Kratom: Herbal supplement or opioid?

Kratom: Herbal supplement or opioid?
Source: WDAM.

JONES COUNTY, MS (WDAM) - The herbal supplement is sold at gas stations, vape shops and convenience stores around the Pine Belt, but the U.S. Food and Drug Administration is warning consumers to stop using in.

Last week, the FDA released a warning about kratom, a plant native to southeast Asia.  Officials said the supplement has opioid-like effects that could turn dangerous and even deadly.

The FDA reports an increase in the calls to the poison control linked to kratom, several hundred from 2010-2015.  In 2017, there were 44 reported overdose deaths linked to kratom, one of those was in Mississippi.

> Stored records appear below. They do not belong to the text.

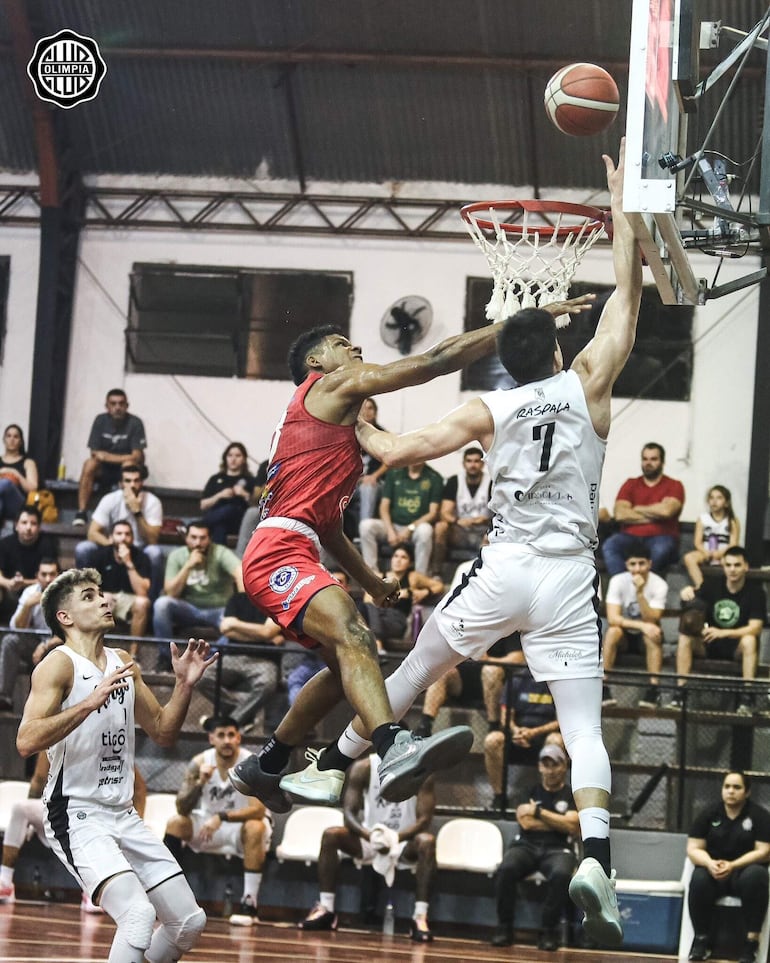 Colonias Gold obtuvo otro resonante triunfo, esta vez frente al campeón vigente, San José, por 82-71 en el juego disputado anoche en su casa, el Ka’a Poty de Obligado, donde la semana pasada se impuso al otro candidato, Olimpia. – Polideportivo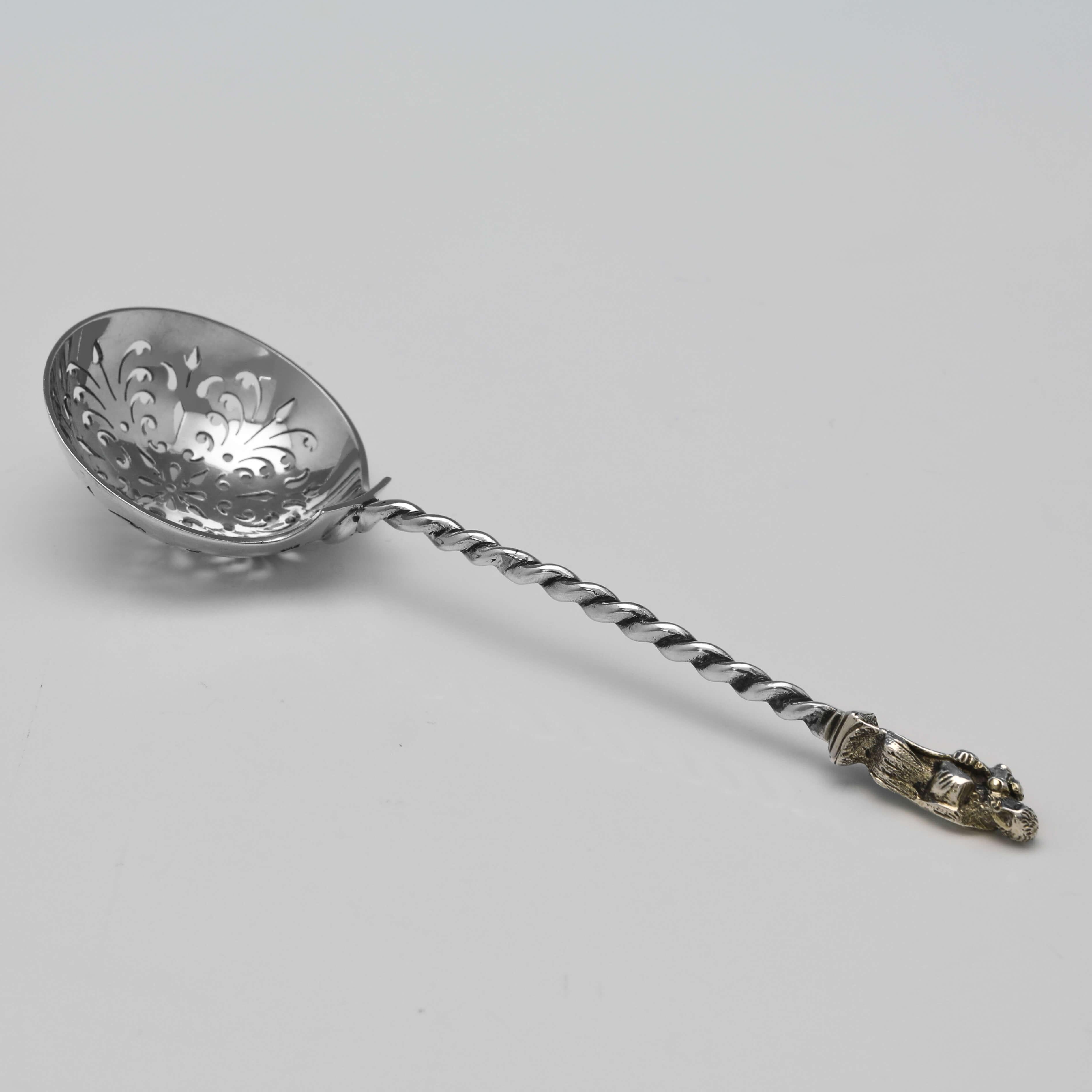 Cucharas Victorianas Apóstol para Servir Frutas y Cuchara para Tamizar Azúcar - Londres 1884 Inglés en venta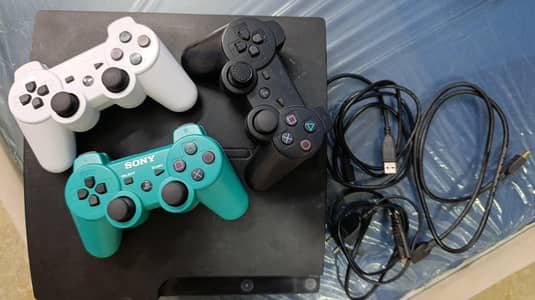 PS3 Slim 320GB Jail broken-33 games installed (PS3+Retro)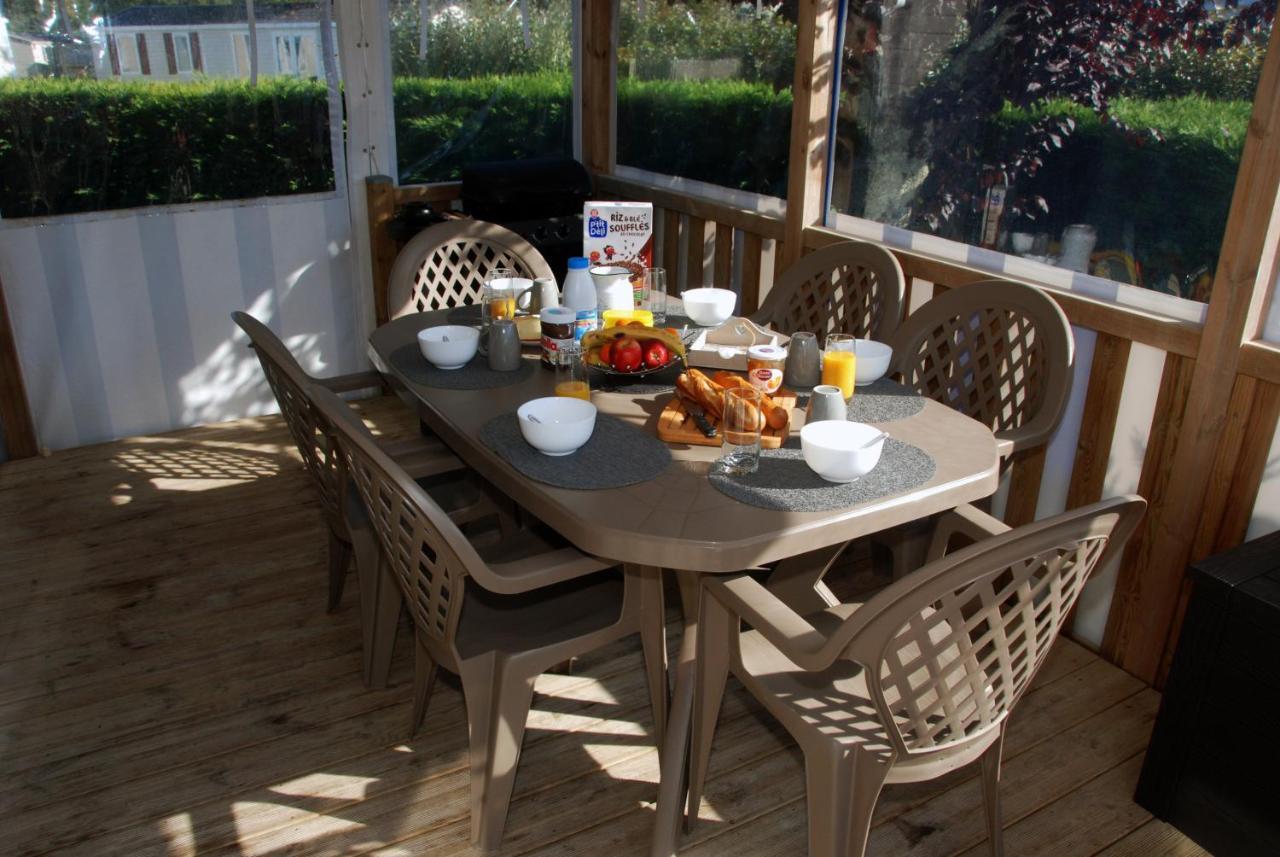 Mobilhome 2Ch Climatise-Terrasse Fermee-4 Velos-Camping 4 Etoiles Les Charmettes Les Mathes Kültér fotó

"It is a concern for us," said Mississippi Bureau of Narcotics Director John Dowdy.  "We had one drug overdose death in Rankin County in 2017 that was a direct result of an overdose of kratom."

"People are actually starting to abuse this particular herbal supplement and we have people entering into treatment from an addiction to kratom," Dowdy said.

In Jones County, Lieutenant Robert Little said the department started noticing kratom being used about a year ago among drug court participants.  Little said a normal drug test does not detect kratom, so while it is a prohibited substance for participants, it was not being detected easily.

"It reminds me of spice or bath salts when they first came out," said Little. "When we see something like this, people are experimenting, they don't know how much to take, it's not regulated. It's only time until we see negative effects in the population."

Stores sell kratom in a powder, liquid or capsule form.  On the packaging it states "not for sale to minors," but Little said that may not be questioned regularly with purchases.

The products found in Jones County came from distributors in other states.  There are no directions on how to use the substance, but one package did state "100% natural."

"A lot of the people that don't want kratom regulated argue it's a plant and they don't want it regulated," said Little.  "Cocaine comes from the cocoa leaves, opiates come from the opium poppy flower. Just because it's a plant doesn't mean you need to pick it up and put it in your mouth."